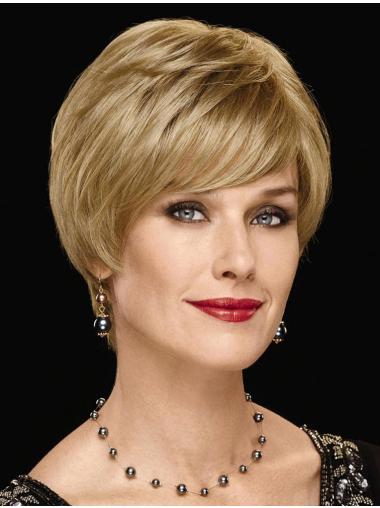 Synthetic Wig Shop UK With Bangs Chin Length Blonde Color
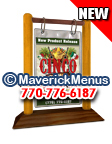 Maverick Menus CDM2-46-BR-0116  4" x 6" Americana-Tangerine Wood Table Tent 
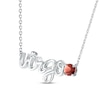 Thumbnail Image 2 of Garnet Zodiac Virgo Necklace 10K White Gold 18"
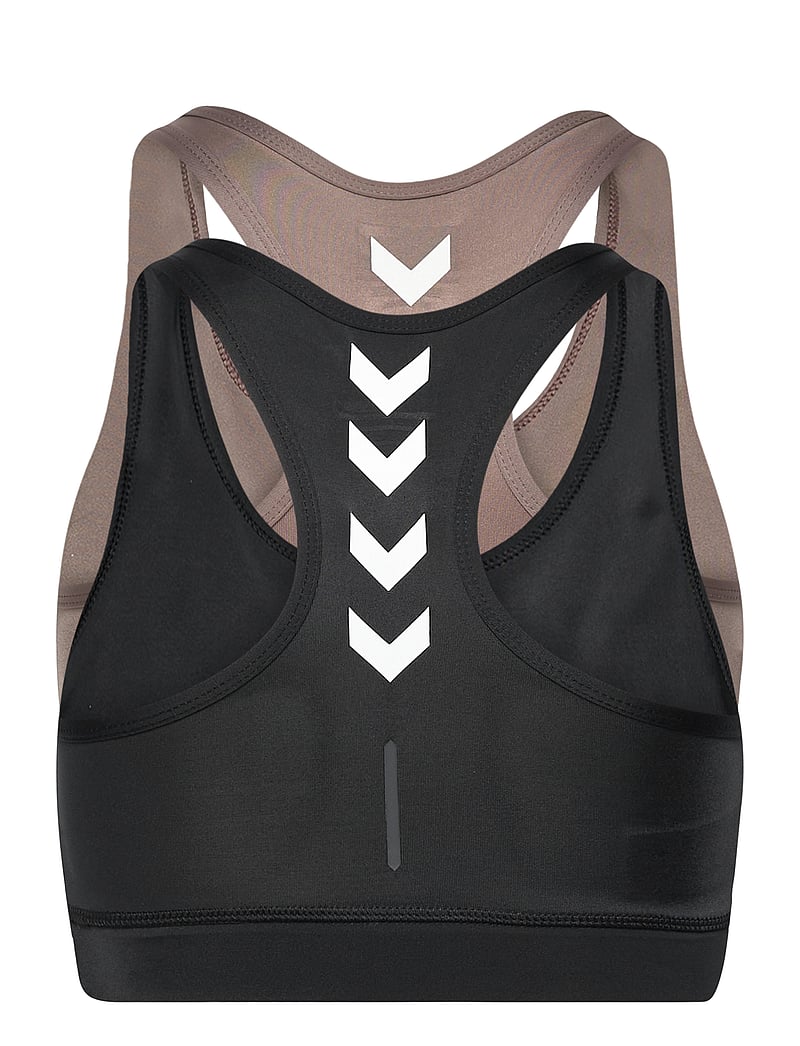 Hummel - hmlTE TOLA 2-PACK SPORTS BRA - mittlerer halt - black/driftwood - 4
★ ★ ★ ★
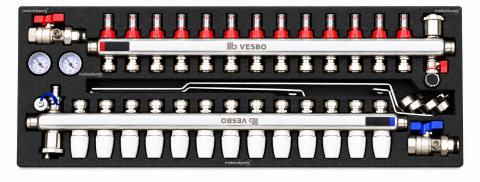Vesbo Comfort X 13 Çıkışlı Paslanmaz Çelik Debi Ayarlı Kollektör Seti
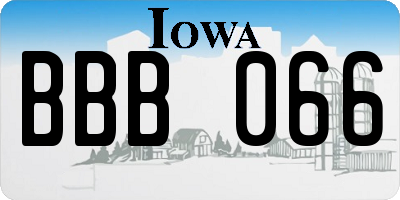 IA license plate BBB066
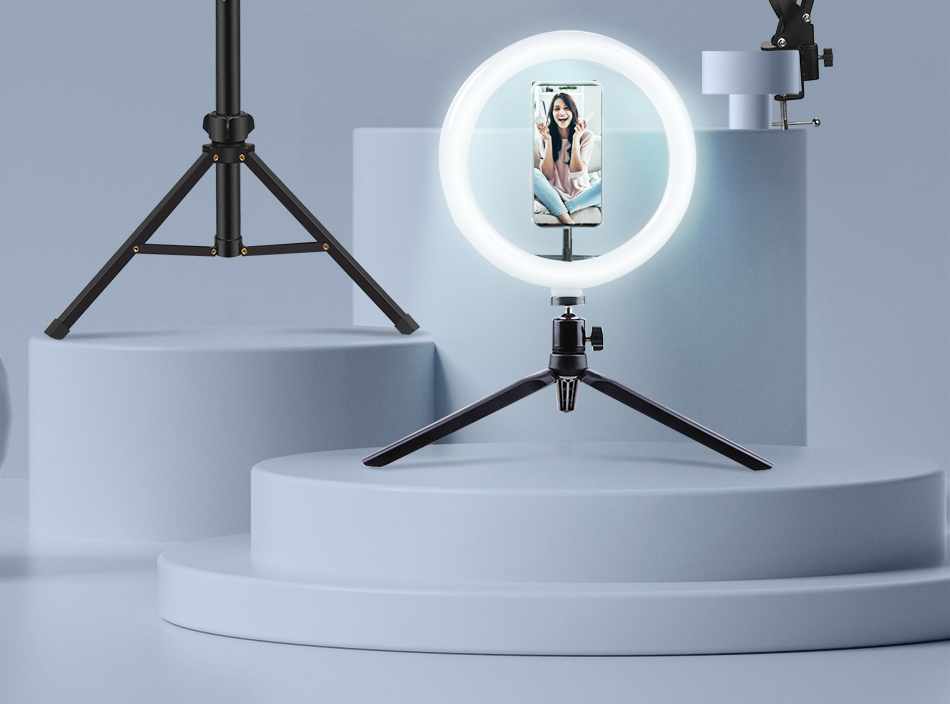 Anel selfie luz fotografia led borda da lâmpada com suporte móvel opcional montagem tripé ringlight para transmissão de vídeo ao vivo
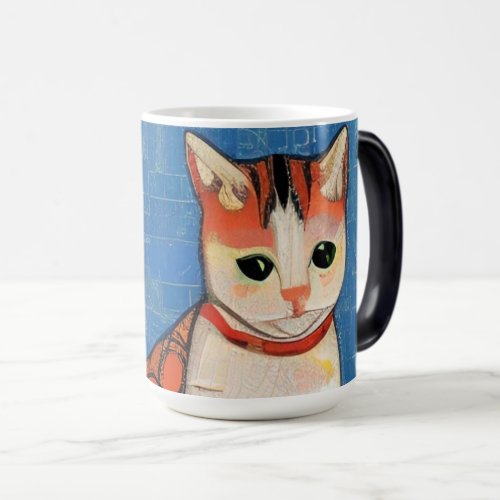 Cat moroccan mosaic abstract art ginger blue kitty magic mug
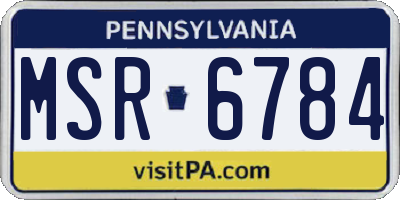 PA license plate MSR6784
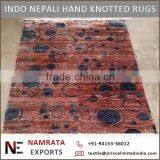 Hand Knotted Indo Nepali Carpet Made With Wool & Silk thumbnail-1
★ ★ ★ ★
Directions: For this exercise, transcribe exactly the part of the records above that opens with the line containing "PA license plate MSR6784" and closes with the one containing "Hand Knotted Indo". Pictures are not part of the copy.

Worked solution:
 PA license plate MSR6784
 Hand Knotted Indo Nepali Carpet Made With Wool & Silk thumbnail-1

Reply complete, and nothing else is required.